Later we walked around
the city center, which had just the right amount of people walking around to
make it seem lively but not enough that you’re bumping into one shoulder after
another and would cause a 10-person traffic accident if you paused on the
pavement to take a picture of the clock tower that glowed purple and green and
pink. We stopped at a makeshift café bar
right in the middle of a square near the John Rylands library (which is ranked
number 1 on the list of things to see in Manchester – imagine! A library! How cool
and nerdy.). The German inspired bar had
giant barrels as tables with stools around them, large gas-fire heaters to warm
you up if you wanted to sit outside, cute little cabins in which drunken people
drunkenly sang karaoke songs and twinkling warm yellow fairylights strung up
above us. And I finally got to drink hot
chocolate. It’s rare for me to be
sitting outside in the cold yet feel happy and warm, and it was definitely a
point in Manchester’s favour.
Just as we stepped out
of the open-air mini-square, it started to rain again, with short bursts of
wind that are excellent at upturning small umbrellas (which you then struggle
to fix and proceed to get quite wet in the process).
At least I had
finished my hot chocolate.
And it was just about
time to head to the theater to watch a musical – thank god for indoor
entertainment.
I had envisioned going
back to dress up for the play but that had not quite happened – and so it was
with frizzy hair, almost-smeared kohl, definitely no lipstick and my damp
jacket and wet boots, we went to the very cool theater. Oh and we actually followed one of the ‘explore
nearby restaurants’ options with Google maps and ended up having some
scrumptious Vietnamese food.
The theater was very
cool, dim, and lit up as it was a perpetual twilight zone, with a photograph
exhibition, open-design café and restaurant, and the actual auditorium was a
spaceship/beehive in the middle with a 360° stage and two floors of seats all
around it.
It was an excellent
musical and when we finally came out of the theater, the sky was clear with
some twinkling stars, all shiny and shimmery, beautifully serene and
quiet.
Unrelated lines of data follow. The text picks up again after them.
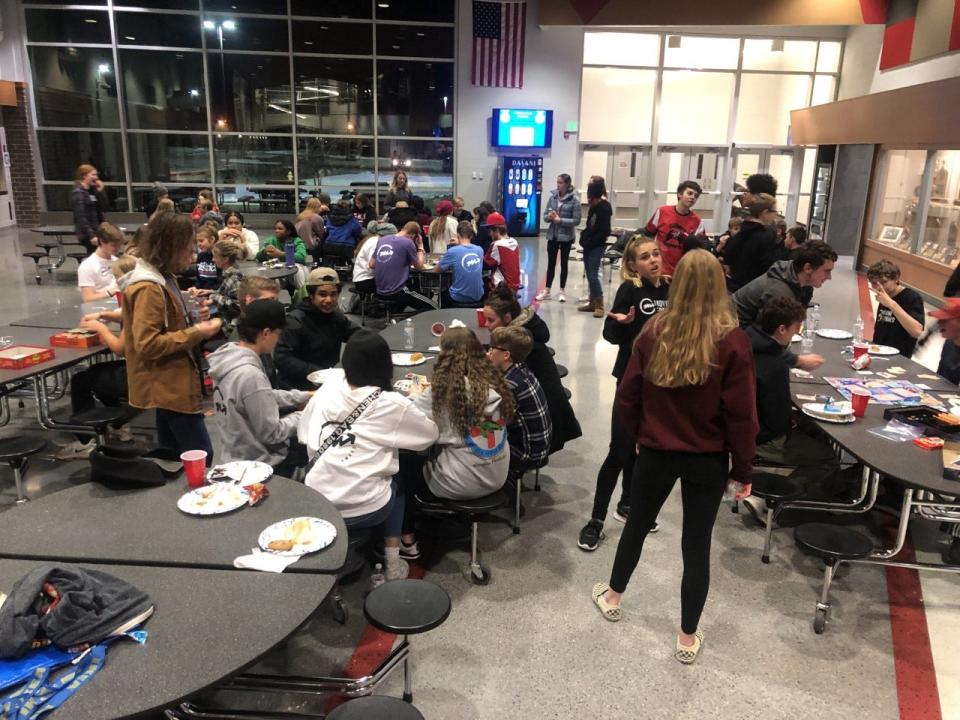 Students gather for a "Friendsgiving" at Gilbert High School hosted by Moving Forward on Nov. 18, 2022. Moving Forward seeks to improve mental health by building social connections between students that might not otherwise exist.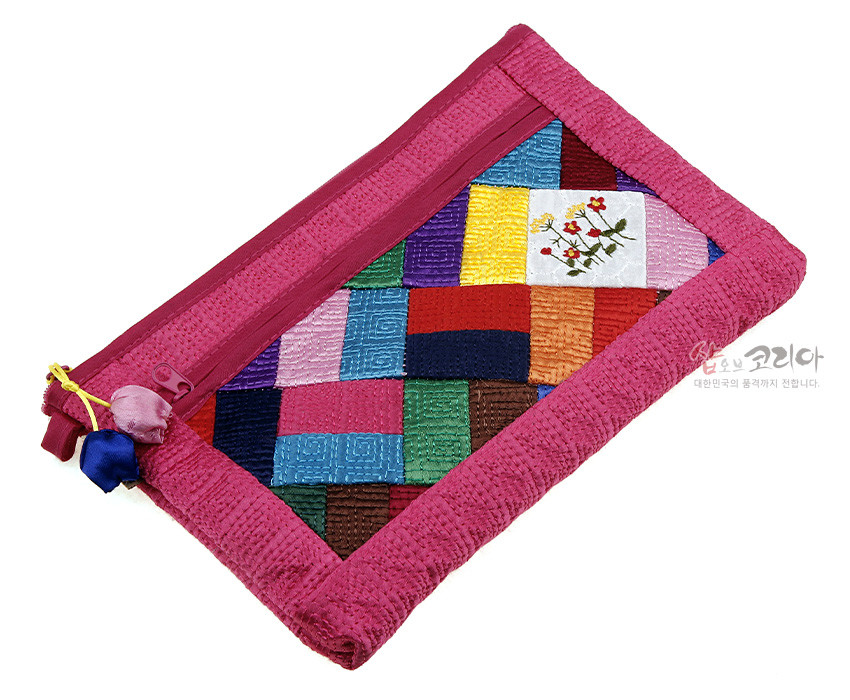 [텍스트: 샵오브코리아 대한민국의 품격까지 전합니다.] 진분홍 누비 원단 위 다채로운 색상의 조각보 패치워크와 국화 문양 자수, 실크 매듭 장식 지퍼가 조화를 이룬 패브릭 파우치 이미지 설명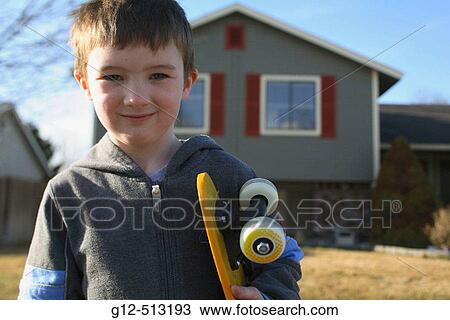 Boy, age five, looking at camera with skateboard in front of home View Large Photo Image Stock Image - Boy, age five, looking at camera with skateboard in front of home. Fotosearch
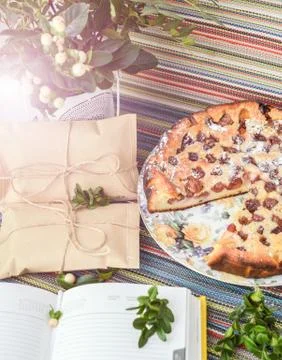 Notepad, paper envelope and piece of pie on the colorful tablecloth Stock Photos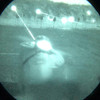 Through the tube night vision view demonstrating the powerful beam of the DIR-ONE infrared aiming laser on downrange targets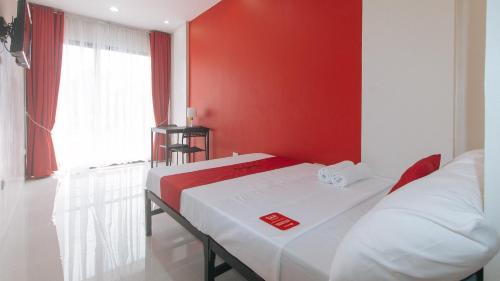 two beds in a room with a red wall at RedDoorz @ Aerial Hotel Los Baños in Los Baños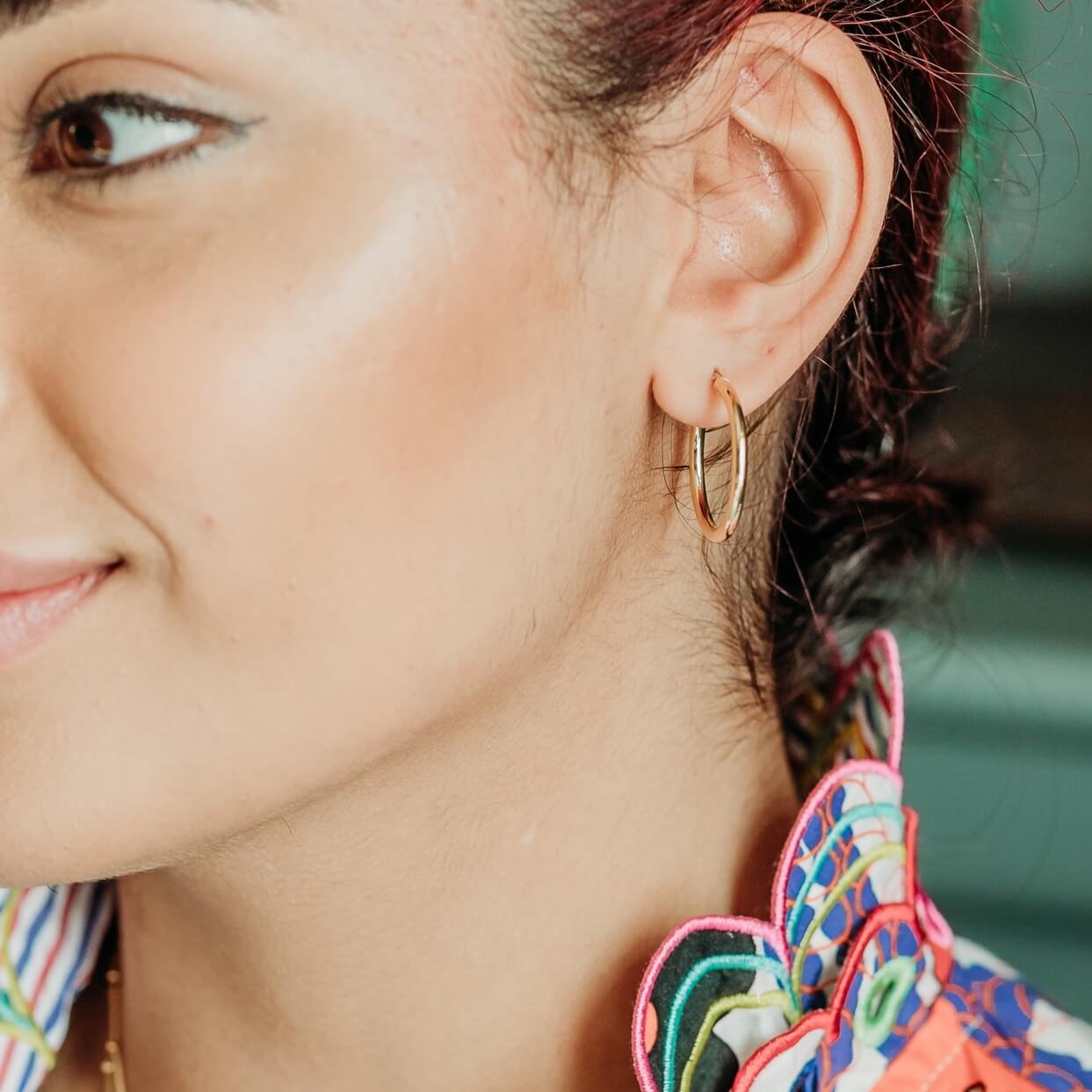 model wears Large 9ct Solid Gold Hoop Earrings (20mm)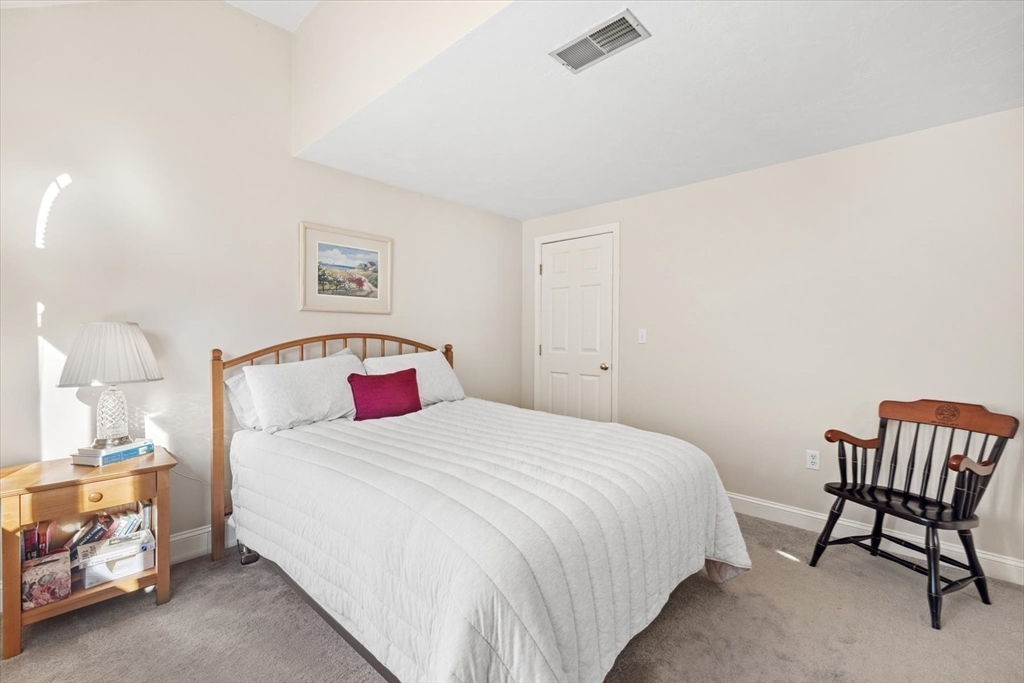 55 Bay Farm Road, Unit 55 Duxbury, MA 02332 - Photo 23 of 37 a bedroom with a bed and a chair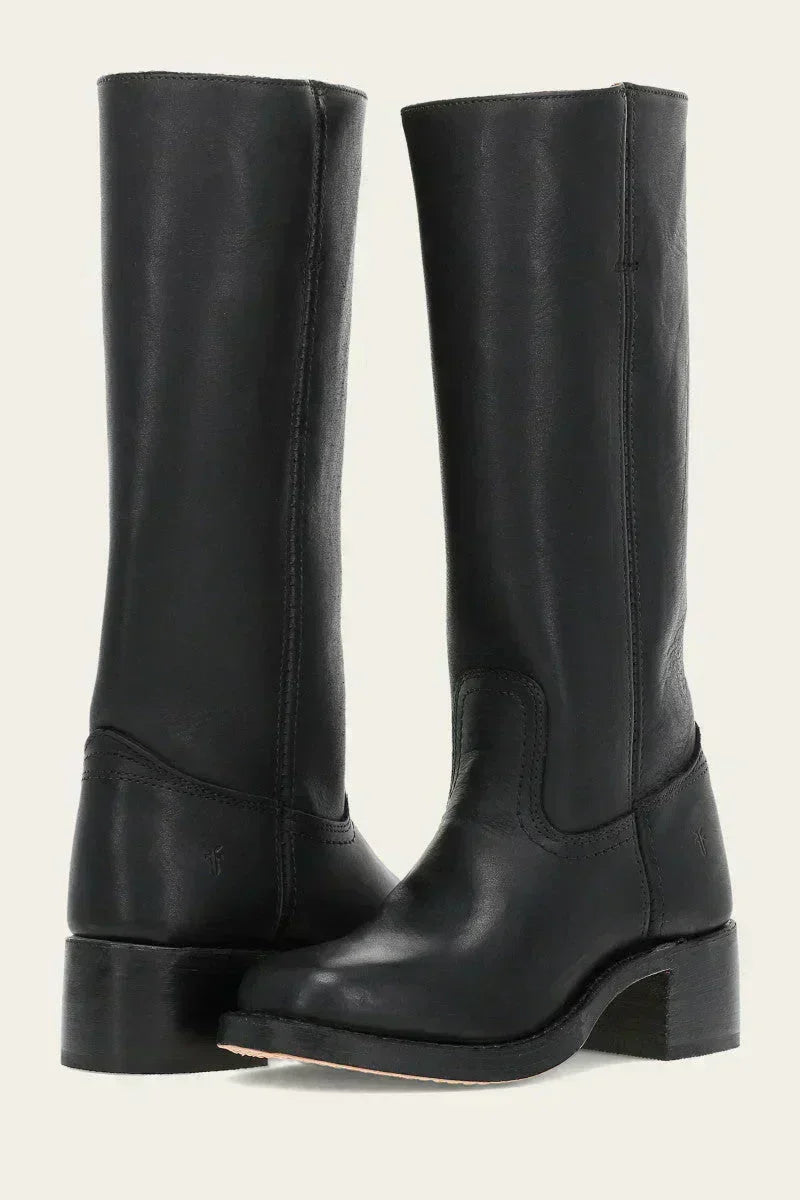 Black knee-high boots slim fit silhouette with structured sole for a polished modern look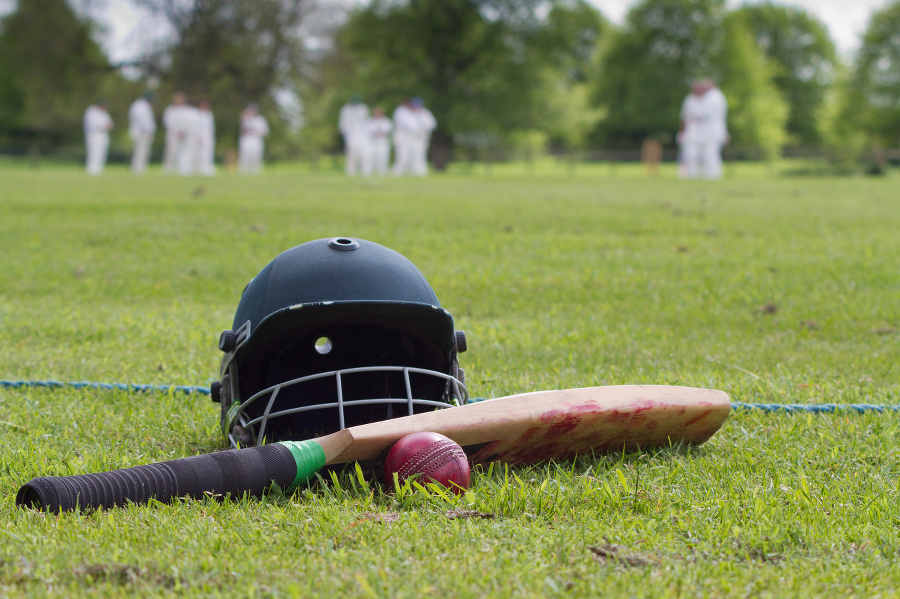 Cricket helmet, bat and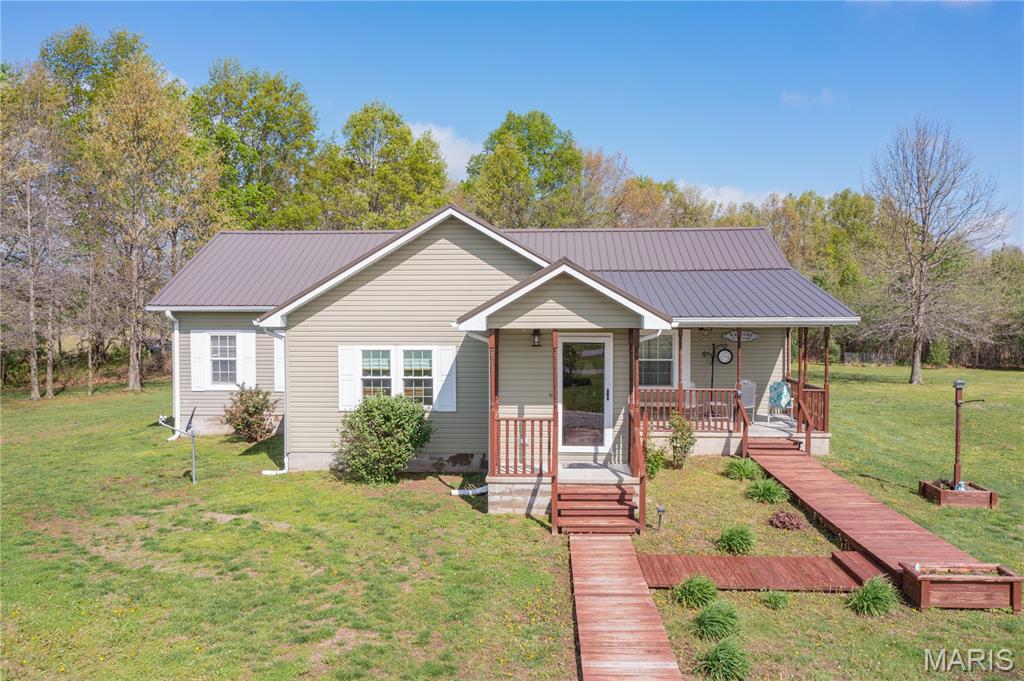 Dreaming of your own slice of country paradise? This meticulously maintained home on 3 acres offers the perfect blend of comfort, space, and peaceful surroundings. The beautifully landscaped yard sets the tone, while inside you’ll find a large living room filled with natural light and an open-concept kitchen, dining, and living area—ideal for everyday living and entertaining. Kitchen appliances are included, and select areas feature hardwood flooring.

The roof is approximately 9 years old, and the property also includes a 2-car garage/pole shed with abundant storage, including a loft space. Outside, there’s plenty of room for a small hobby farm, gardens, or outdoor activities, along with multiple exterior water spigots for convenient watering and underground gutters for added functionality.

A small finished shed—currently used as a tack room—offers versatile space for a garden shed, workshop, or personal retreat. Enjoy quiet mornings on the front porch watching deer pass by, or unwind on the back deck taking in the peaceful views.

Estimated taxes with home owners exemptions $2,533. 50

Call to schedule or viewing today! 

Agent is related to the seller. Seller is accepting offers through April 29th @ noon .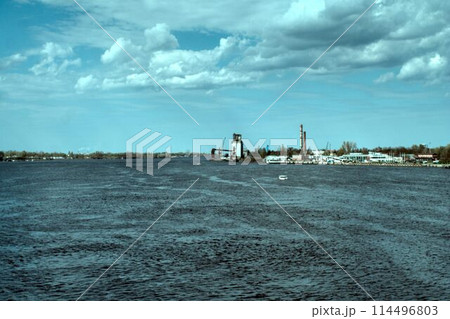 oil refinery river in evening 114496803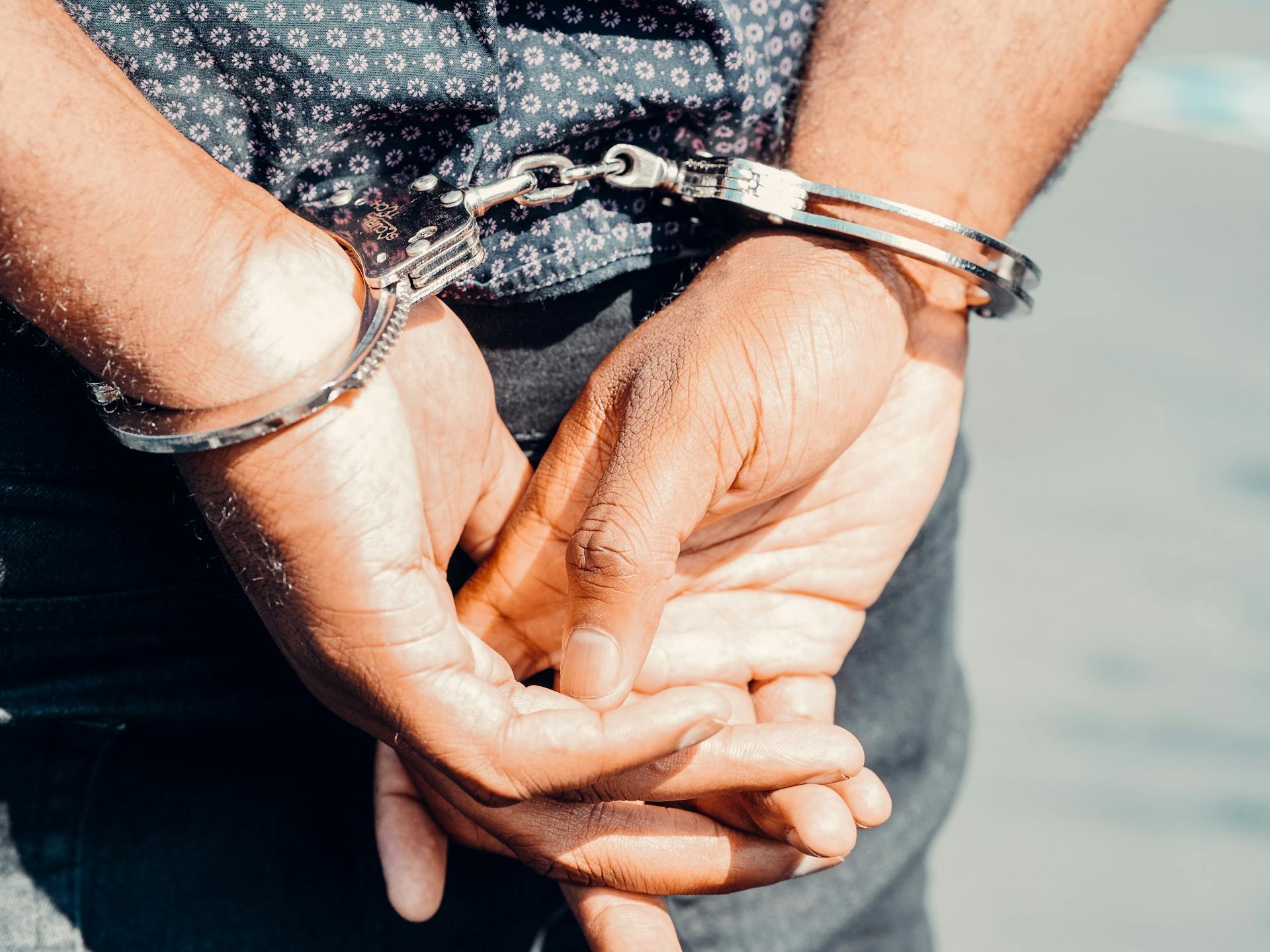 A man in handcuffs | Source: Pexels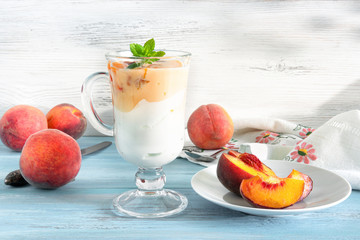 Glass of yogurt with slices of sweet ripe juicy fruit, peaches with green leaves in a basket on white background
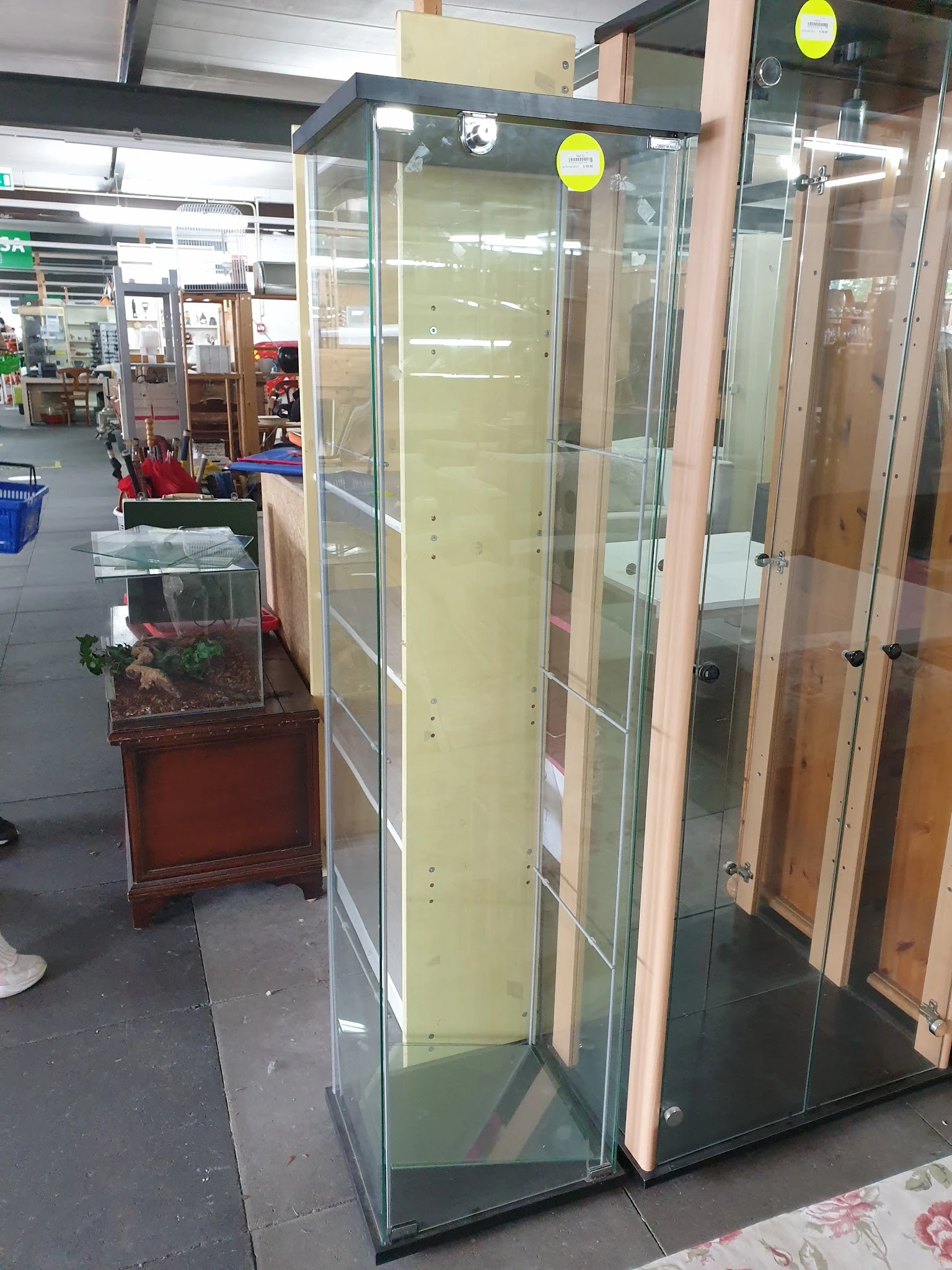 Glazen displaykasten en vitrines langs de winkelvloer van een kringloopwinkel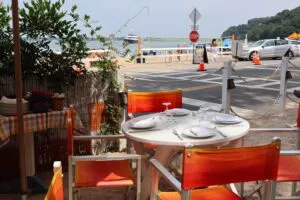 Figure Eight Island Beach, NC, Camping & Hiking Tours 7 Beachside dining table with orange chairs, place settings, and ocean views near a lively sandy beach.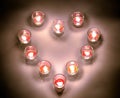 A small lighting lamps with red color aromatic paraffin in a small glasses arrange in heart form on a white floor in the night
We walked back to our motel
(Fahad was sure he saw Russell Peters but his exclamation came way too late for
me to verify), having passed the demented Santa wishing Manchester a Merry
Christmas while city hall glowed red (why red, I mean I know it’s a Christmas
colour but it’s also quite familiar to horror films) behind it.
It wasn’t according to
plan but it was definitely a fun evening in mad Manchester.